— Нельзя сейчас мыть потихонечку, товарищ Савушкин! Нам золото нужно. По-старому вы отсилы давали всей бригадой кубометров десять в сутки, а здесь будете промывать до ста пятидесяти. В пятнадцать раз больше.
— Нам это не больно интересно! Будем землю ворочать, надрываться из-за кубометров, а золото зря уйдёт.
— Да кто вам сказал, что оно уйдёт? — Анна посмотрела в холодные синенькие глаза Савушкина, на его сухие, упрямо поджатые губы, на минуту задумалась, потом обернулась , к Ветлугину. — Сходите в управление, возьмите в кассе... — она еще подумала, — возьмите четыреста граммов золота. Сейчас мы проверим.
26
Через полчаса Ветлугин вернулся в сопровождении работника охраны. В напряжённой тишине он распечатал тугой аккуратный мешочек, вытряхнул его на совок, пересчитал самородки и на глазах у всех швырнул золото на груду ещё мокрых камней и грязи.

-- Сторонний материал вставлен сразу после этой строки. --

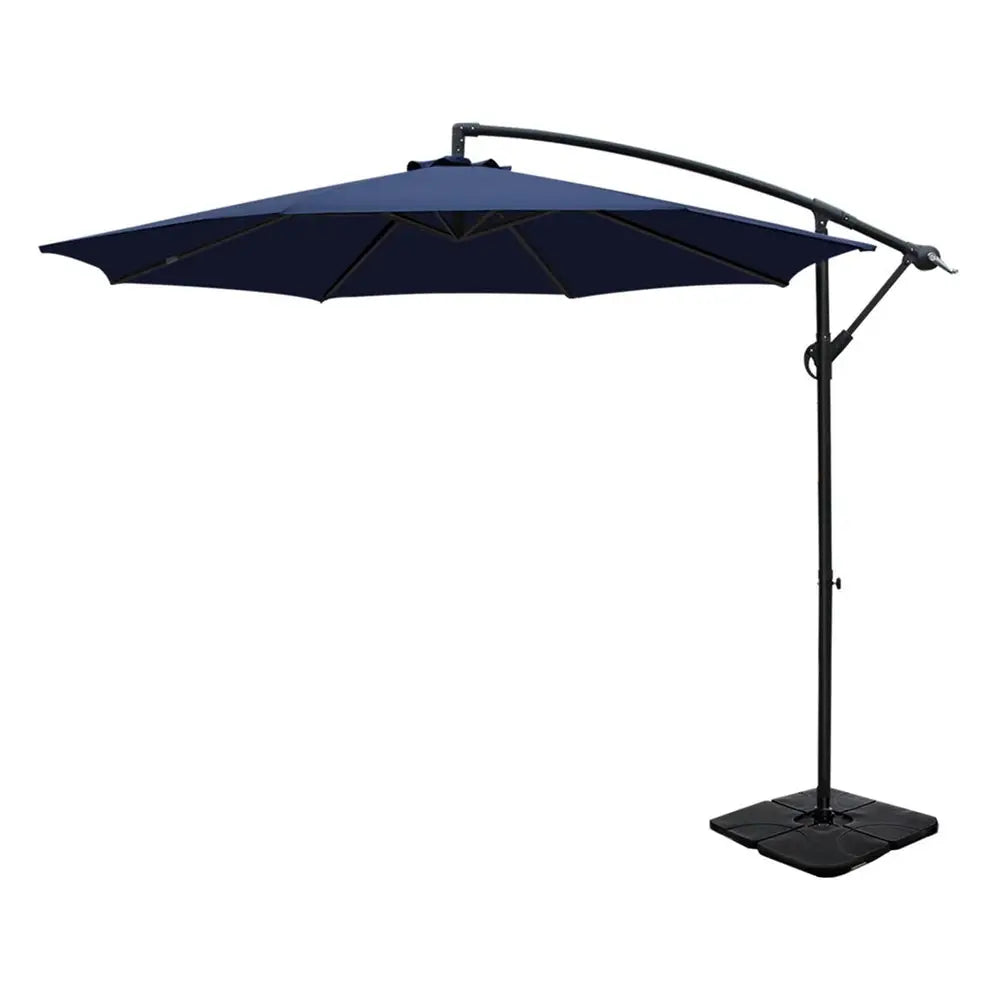 Instahut 3m Umbrella w/Base Outdoor Cantilever Beach Garden Patio Parasol Navy - Home & Garden > Shading > Umbrellas &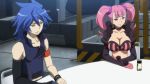  1boy 1girl amara_(captain_earth) anime babe big_breasts blue_hair breasts captain_earth chair choker cleavage couple earrings jewelry long_hair moco_(captain_earth) pink_hair purple_eyes sitting smile striped table twin_tails yellow_eyes 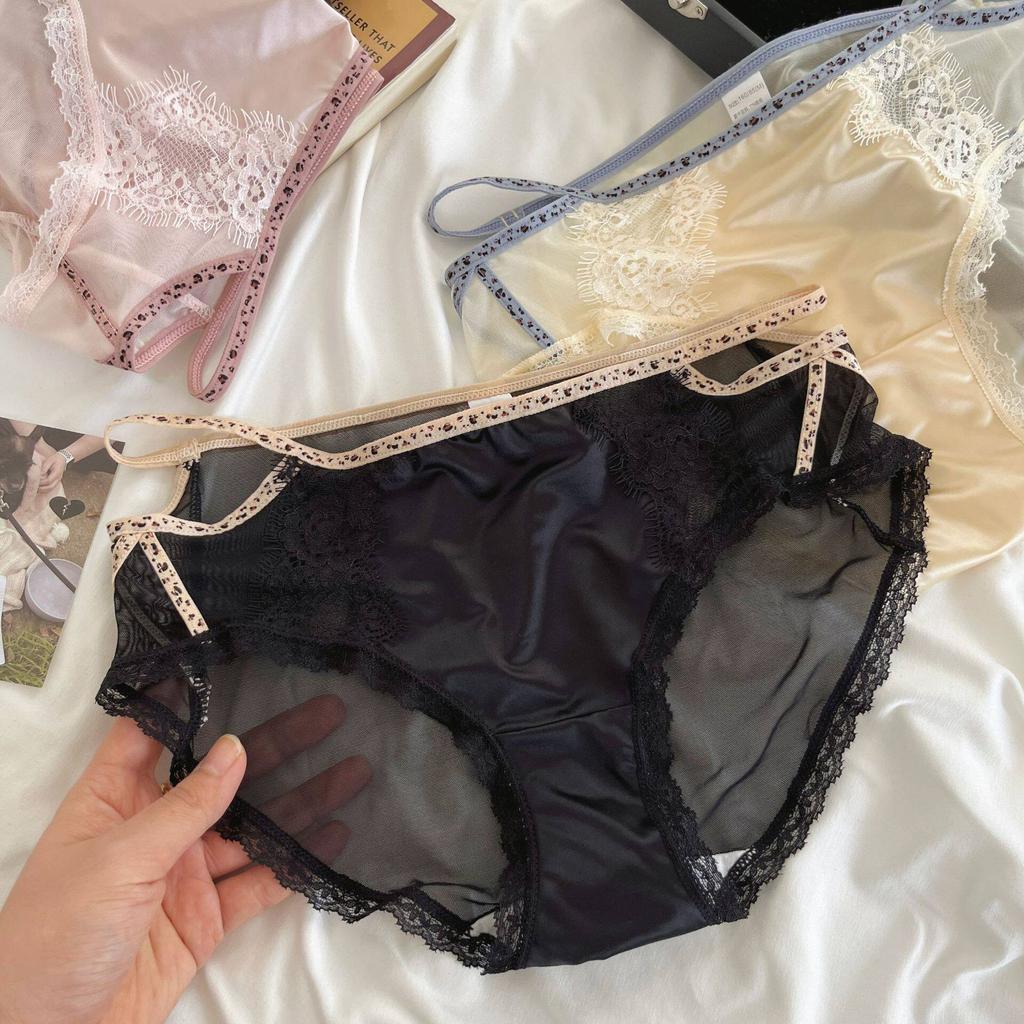 Ladies Summer Light Luxury Sexy Pure Desire Lace Satin Mesh Gauze Ice Silk Briefs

Золото упало в грязь, и одновременно у всех старателей вырвался такой дружный вздох сожаления, что Анна невольно рассмеялась.
— Ну вот мы ищем, а они швыряются! — сказал Савушкин злобно сокрушаясь. — Чужим горбом — оно всегда легко!
— На ветер не напашешься! — откликнулся другой из толпы, и ещё кто-то Крикнул совсем невразумительное, и вся толпа взорвалась рёвом.
«А что, если и вправду уйдёт? — невольно смущённая порывом толпы, подумала Анна. — Бывают же нелепые случаи... она посмотрела на Ветлугина, ставшего на место мониторщика Савушкина. Бросил тоже под самый удар! И этого не смог сделать!..» — и ещё она подумала, бледнея, когда снова ударила струя воды: «Не бросаю ли я так же под удар свою любовь?»
Когда пробная промывка кончилась, промывальщик сгрёб в лоток железистые шлихи, чёрные и тяжёлые, осевшие сквозь решётки на дно деревянных колод-шлюзов. Теперь нужно было «довести» — отделить снятое золото. Старатели, оживлённо тесня друг друга, столпились около. С таким же острым волнением подошла теперь Анна. Она хотела видеть...
Промывальщик ловко, легко и бережно крутил в воде широкий лоток, потряхивал его, споласкивал через край. Золотой песок и самородки желтели уже сквозь смываемые шлихи на дне лотка. Это были те самые самородки, которые бросил Ветлугин.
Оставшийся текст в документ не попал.